From the line with "Findus, geb. ca." to the line with "Смешных демотиваторов много не бывает.", retype each line exactly as it stands in the records below, but skip the pictures.

→ The data:
━━━

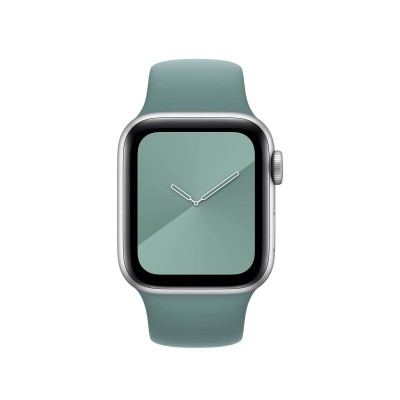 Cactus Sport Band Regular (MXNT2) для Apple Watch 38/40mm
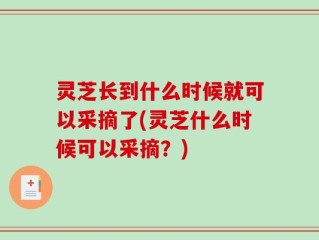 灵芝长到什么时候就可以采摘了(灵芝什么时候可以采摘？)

━━━

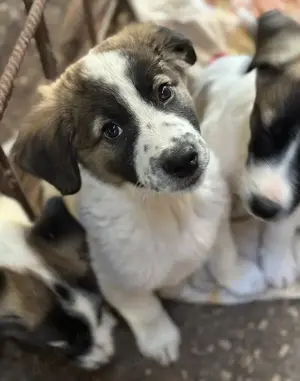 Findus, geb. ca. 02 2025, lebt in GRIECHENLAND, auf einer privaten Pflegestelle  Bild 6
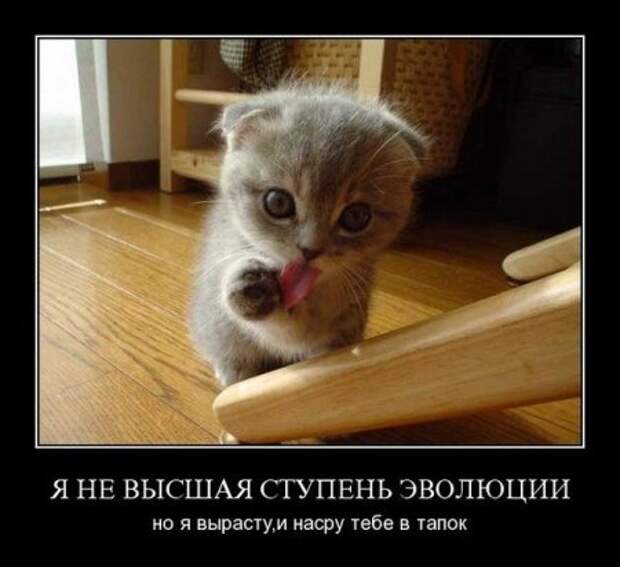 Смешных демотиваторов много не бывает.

━━━

→ Exercise solution:
 Findus, geb. ca. 02 2025, lebt in GRIECHENLAND, auf einer privaten Pflegestelle  Bild 6
 Смешных демотиваторов много не бывает.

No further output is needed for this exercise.